- Opening Delimiter -
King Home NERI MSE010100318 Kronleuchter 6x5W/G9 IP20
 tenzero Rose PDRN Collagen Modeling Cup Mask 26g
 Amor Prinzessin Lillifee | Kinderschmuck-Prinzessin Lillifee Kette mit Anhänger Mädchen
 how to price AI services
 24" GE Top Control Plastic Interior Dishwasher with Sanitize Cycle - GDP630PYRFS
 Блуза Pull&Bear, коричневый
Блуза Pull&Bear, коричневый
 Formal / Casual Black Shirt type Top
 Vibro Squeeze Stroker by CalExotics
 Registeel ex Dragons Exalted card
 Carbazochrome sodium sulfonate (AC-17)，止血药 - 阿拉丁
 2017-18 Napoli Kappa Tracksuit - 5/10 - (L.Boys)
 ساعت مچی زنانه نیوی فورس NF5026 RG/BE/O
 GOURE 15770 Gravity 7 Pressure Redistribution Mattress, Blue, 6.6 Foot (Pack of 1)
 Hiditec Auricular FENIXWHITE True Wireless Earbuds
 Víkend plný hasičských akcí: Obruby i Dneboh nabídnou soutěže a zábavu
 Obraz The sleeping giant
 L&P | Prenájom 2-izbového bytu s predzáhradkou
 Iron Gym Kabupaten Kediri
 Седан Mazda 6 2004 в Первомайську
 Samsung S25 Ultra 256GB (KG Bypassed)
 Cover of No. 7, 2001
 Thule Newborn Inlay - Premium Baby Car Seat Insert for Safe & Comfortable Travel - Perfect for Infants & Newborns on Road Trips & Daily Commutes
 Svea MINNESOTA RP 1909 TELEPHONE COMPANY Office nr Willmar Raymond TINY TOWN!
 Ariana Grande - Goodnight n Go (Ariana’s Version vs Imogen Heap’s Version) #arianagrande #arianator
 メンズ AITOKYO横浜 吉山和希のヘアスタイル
- Closing Delimiter -
Exercise requirements:
Word for word, write out all of the entries again.

Answer to this task:
King Home NERI MSE010100318 Kronleuchter 6x5W/G9 IP20
 tenzero Rose PDRN Collagen Modeling Cup Mask 26g
 Amor Prinzessin Lillifee | Kinderschmuck-Prinzessin Lillifee Kette mit Anhänger Mädchen
 how to price AI services
 24" GE Top Control Plastic Interior Dishwasher with Sanitize Cycle - GDP630PYRFS
 Блуза Pull&Bear, коричневый
Блуза Pull&Bear, коричневый
 Formal / Casual Black Shirt type Top
 Vibro Squeeze Stroker by CalExotics
 Registeel ex Dragons Exalted card
 Carbazochrome sodium sulfonate (AC-17)，止血药 - 阿拉丁
 2017-18 Napoli Kappa Tracksuit - 5/10 - (L.Boys)
 ساعت مچی زنانه نیوی فورس NF5026 RG/BE/O
 GOURE 15770 Gravity 7 Pressure Redistribution Mattress, Blue, 6.6 Foot (Pack of 1)
 Hiditec Auricular FENIXWHITE True Wireless Earbuds
 Víkend plný hasičských akcí: Obruby i Dneboh nabídnou soutěže a zábavu
 Obraz The sleeping giant
 L&P | Prenájom 2-izbového bytu s predzáhradkou
 Iron Gym Kabupaten Kediri
 Седан Mazda 6 2004 в Первомайську
 Samsung S25 Ultra 256GB (KG Bypassed)
 Cover of No. 7, 2001
 Thule Newborn Inlay - Premium Baby Car Seat Insert for Safe & Comfortable Travel - Perfect for Infants & Newborns on Road Trips & Daily Commutes
 Svea MINNESOTA RP 1909 TELEPHONE COMPANY Office nr Willmar Raymond TINY TOWN!
 Ariana Grande - Goodnight n Go (Ariana’s Version vs Imogen Heap’s Version) #arianagrande #arianator
 メンズ AITOKYO横浜 吉山和希のヘアスタイル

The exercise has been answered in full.